Fulfillment Partner recognizes that the various items of Information are special and unique assets of Company and need to be protected from improper disclosure.  In consideration of the disclosure of the Information to Fulfillment Partner, Fulfillment Partner agrees and covenants that for a period of 1 year following the termination of this Agreement, whether such termination is voluntary or involuntary, Fulfillment Partner will not compete directly or indirectly with Company.  The term “not compete” shall mean that the Fulfillment Partner shall not, on Fulfillment Partner’s behalf or on behalf of any other party, solicit or seek the business of any customer or account of Company existing during the term of this agreement and wherein said solicitation involves a product and/or service substantially similar to or competitive with any present our future product and/or service of Company.  Directly or indirectly engaging in any competitive business practices with Company’s existing clients includes, but is not limited to:

  • Engaging in a business as owner, partner, or agent
  • Becoming a Contractor, Consultant or Fulfillment Partner or employee of any third party that is engaged in such business
  • Becoming interested directly or indirectly in any such business
  • Soliciting any customer of Company for the benefit of a third party that is engaged in such business 

Fulfillment Partner agrees that this non?compete provision will not adversely affect Fulfillment Partner’s livelihood.

10. Offers of Employment

Fulfillment Partner will not make any approach to any member of staff of Company or Company’s clients, nor will the Fulfillment Partner offer employment to any Company employees or contractors or Company’s clients’ employees or contractors either during this agreement or for a period of one year from the termination of the agreement.

11. Relationship

The Fulfillment Partner is an independent contractor and will not have any right or power to bind Company to any obligation.

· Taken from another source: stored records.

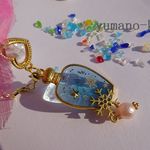 レジン☆バッグチャーム☆雪の結晶香水瓶☆
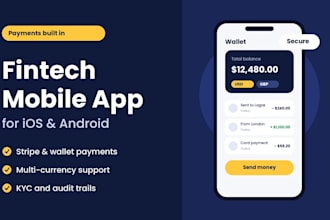 develop a fintech mobile app for ios and android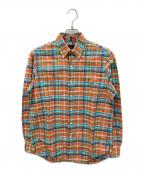 RALPH LAURENラルフローレン）の古着「チェックシャツ」｜オレンジ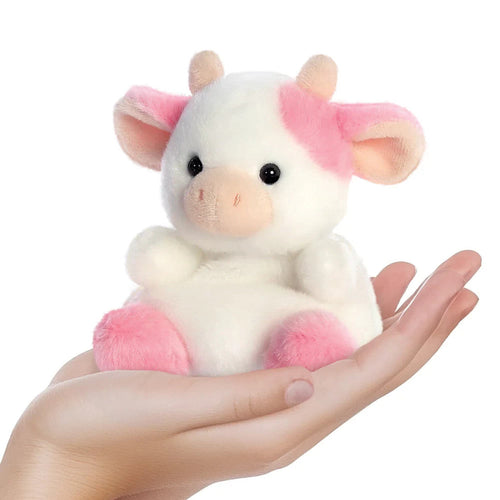 Aurora Palm Pals Belle Strawberry Cow Plush - 5 Inch - product image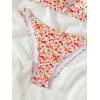 imageSOLY HUX Womens Floral Print Spaghetti Strap Bikini Bathing Suit 2 Piece SwimsuitsMulticoloured Ditsy Floral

Fulfillment Partner is retained or engaged by Company only for the purposes and to the extent set forth in this agreement. Fulfillment Partner’s relation to Company will, during the period or periods of this agreement, be that of an independent contractor and as such Fulfillment Partner will be free to dispose of such portion of its time, energy and skill when the Fulfillment Partner is not obligated under this agreement in such a manner as Fulfillment Partner sees fit.

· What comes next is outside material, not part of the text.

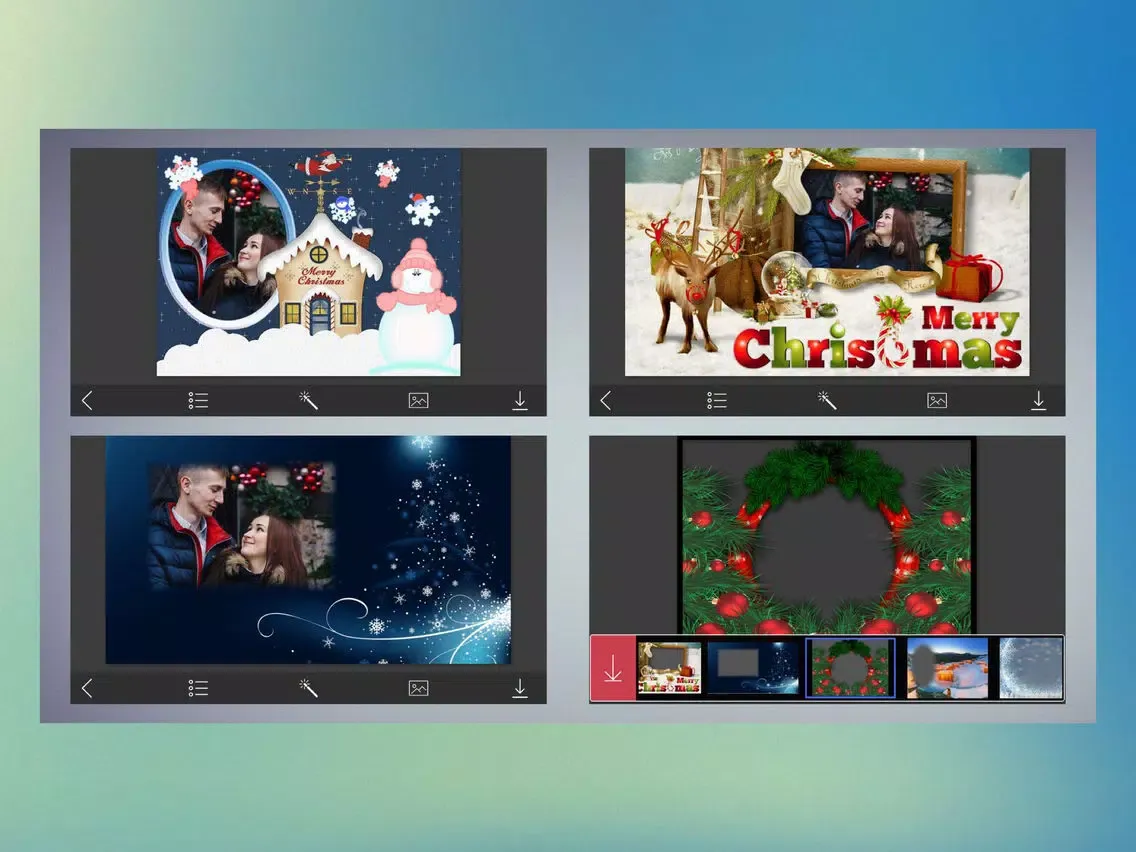 Xmas 2017 HD Frame - Creator and Editor iPad  스크린샷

This agreement will not establish a joint venture, agency or partnership between Company and Fulfillment Partner.

Fulfillment Partner will not be considered under this Agreement or otherwise or in any way as having the status of employee or being entitled to participate in any plans, schemes, arrangements or distributions by Company pertaining to or in connection with any person, stock, bonus, profit sharing or other benefits provided ordinarily by Company to its employees.

12. Publicity

Fulfillment Partner will not advertise this agreement or any of the terms of this agreement without the prior written consent of Company.

13. Termination

This agreement may be terminated immediately by either party by giving notice in writing of its intention to terminate to the other party.

Upon termination of this agreement Fulfillment Partner will promptly return to Company all property which is Company’s property or related to Company’s business (including keys, records, notes, data, memoranda, models, and equipment) that is in Fulfillment Partner’s possession or under Fulfillment Partner’s control.  Such obligation shall be governed by any separate confidentiality or proprietary rights agreement signed by Fulfillment Partner.

14. Applicable Law

This Agreement shall be governed by the laws of the State of Georgia.